Potential buyers for Entravision’s billboards would be other media companies with outdoor portfolios, such as CBS Corp., Clear Channel or Regency Outdoor.


CBS Outdoor has more than 100,000 billboards and Clear Channel Outdoor has 800,000, allowing the companies to distribute their fixed costs over a larger asset base. Both companies already have Hispanic market divisions that compete with Entravision’s Vista.


Shares boosted


Investors reacted positively to news of the divestiture. Since the announcement, Entravision stock has gained about 11 percent. Last week it was trading in the $7.50 range.


“We view Entravision shares as a bargain at current levels,” wrote Lloyd Walmsley, an analyst at Thomas Weisel Partners, in a report following the announcement. He maintains an “overweight” rating on the stock with a 12-month price target of $12 per share.


John Klim, a Credit Suisse analyst, rates the stock “outperform” with a 12-month target price of $11 per share.


Both analysts calculate that the sale of the outdoor division would represent a financial loss for the company. Entravision got into outdoor advertising back in 2000 when it made a $462 million purchase of Z-Spanish Media, which owned 33 radio stations and about 10,000 billboards in New York and Los Angeles.


Later that year, Entravision bought another 1,200 boards in New York for $168 million.
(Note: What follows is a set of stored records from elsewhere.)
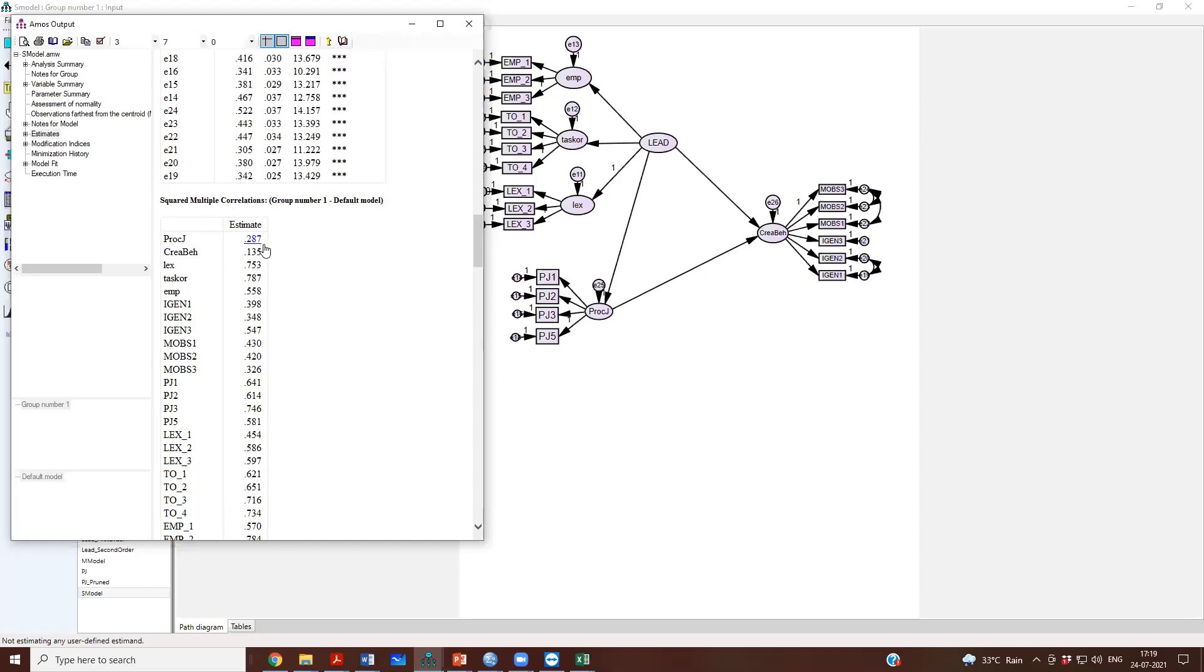And the r square for creative behavior is 0.135. That means 13.5% variance in creative behavior can be accounted for by leadership and procedural justice together.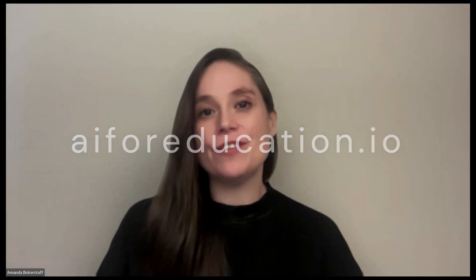Hi, everyone. It's Amanda from AI for Education. I'm excited to have you here today with me and Mandy on the team.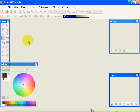Hi, welcome back to the video series by Photolink on Paint.net. This is the fourth video in the series. This video covers three tools: the Magic Wand, the Color Picker, and the Recolor Tool.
It had divested several hundred billboards in the intervening time.


At the time, Ulloa called outdoor advertising “a key component of our strategy to provide advertisers with a unique multi-media platform for reaching the nation’s Hispanic population.” He said the company would “continue to search for additional acquisition opportunities, including outdoor assets.”


But Walmsley estimates the sale of Vista Media in today’s market will fetch between $77 million and $156 million. Klim goes even lower at $57 million. In other words, even the highest estimate wouldn’t cover the original purchase price for a fraction of Entravision’s billboards.
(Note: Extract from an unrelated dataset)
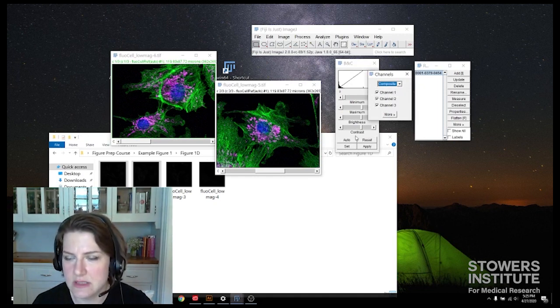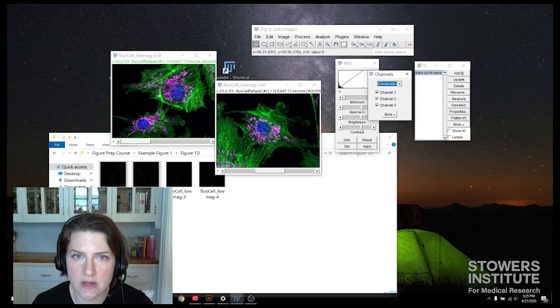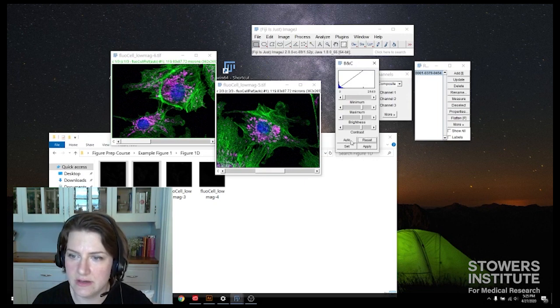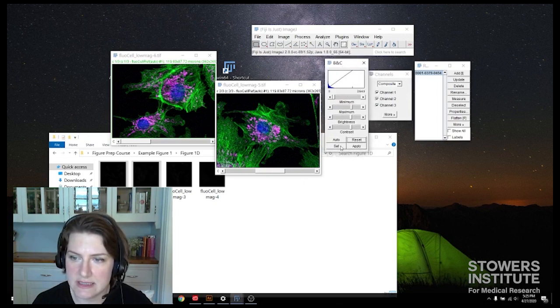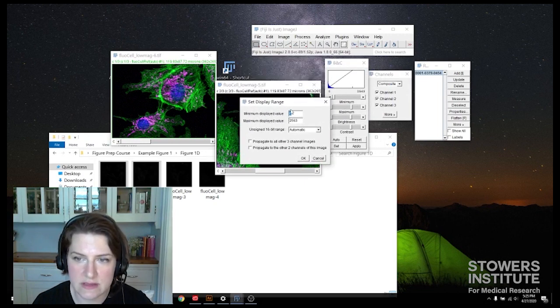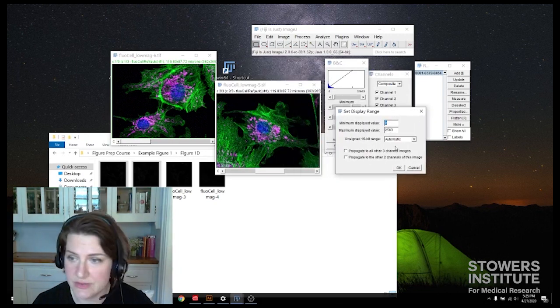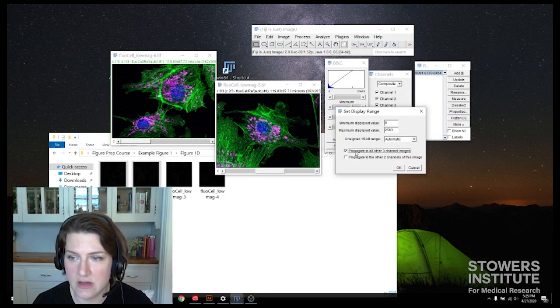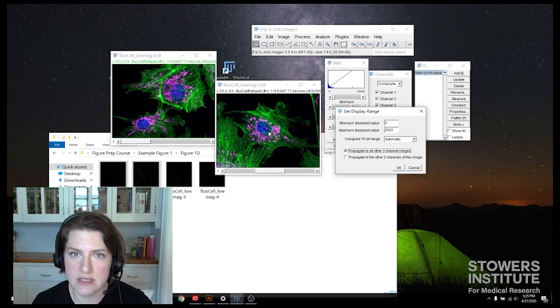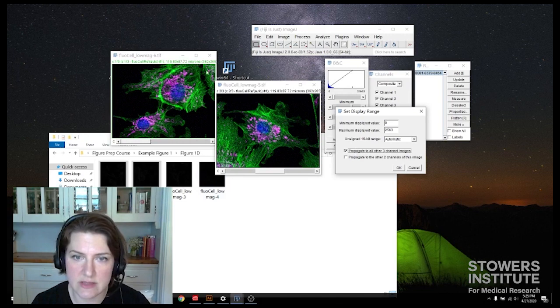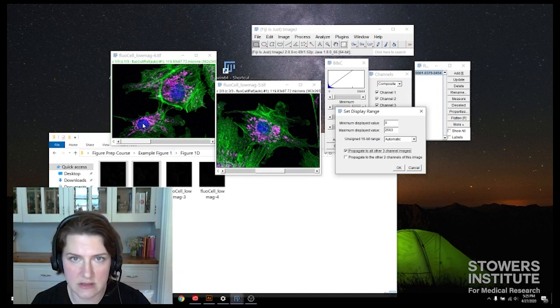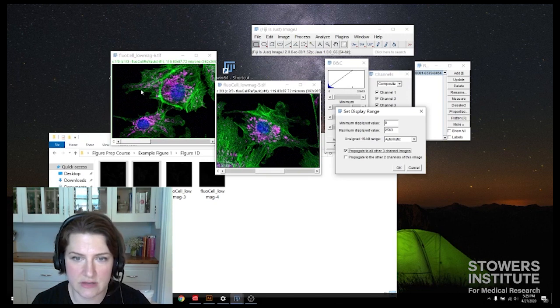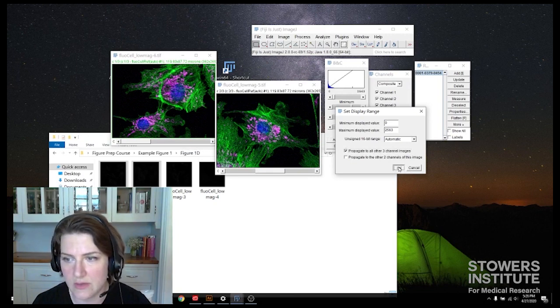And so what I'm going to do, all three of my channels are contrasted the way I want them. So I'm going to go under here in my brightness and contrast. I'm going to click set. I can write them down if I want to, so I can remember what they are, but I'm going to click propagate to all other three channel images. So all the images that I'm going to put into my illustrator file are already open. And what this is going to do is it's going to take these, they're all similar images, all three channel images, all acquired the same. And now they're going to all be contrasted the same in all three channels. This will actually apply all three channels of contrast to all of the images, which is what we want. So I'll click okay.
However, the sale would benefit Entravision’s balance sheet. The company’s outdoor division has an operating profit margin of 13 percent for the first nine months of 2007, according to Walmsley. That’s significantly lower than the margins for Entravision’s holdings in television (44 percent) and radio (38 percent).


Walmsley figures once Entravision sells off Vista, the overall profit margin for the entire company will jump nearly 10 percentage points from a current estimate of 35 percent to a revised estimate of 44 percent.


Entravision’s operating margin of 13 percent looks low compared to an outdoor industry average of 32 percent. The difference “makes a compelling case for the business to be sold to a national operator,” said Walmsley.



New direction


Entravision did not respond to repeated requests for interviews, but its latest annual report outlines the company’s plans.


“We seek to build television and radio media clusters in major, fast-growing and high-density U.S. Hispanic markets,” according to the report. The ideal cluster would have TV affiliates of Univision and Telefutura, which is Univision’s sister network and targets young Hispanics. There would also be a group of radio stations.


The company’s strategy includes selling non-core assets and using the money to build clusters. Last year Entravision sold radio stations in Dallas and San Francisco because it couldn’t build a cluster of TV stations in those markets. The proceeds helped pay for the company’s recent purchase of an FM station in Orlando, where it already owned three TV stations.


Entravision appears to be concentrating on high-growth areas.


“The company has consistently outgrown the industry on the top line in both its radio and TV businesses,” Walmsley said.


“Entravision wants to spend its manpower on TV and radio, where it still does well compared to English-language media,” Newman-Carrasco said.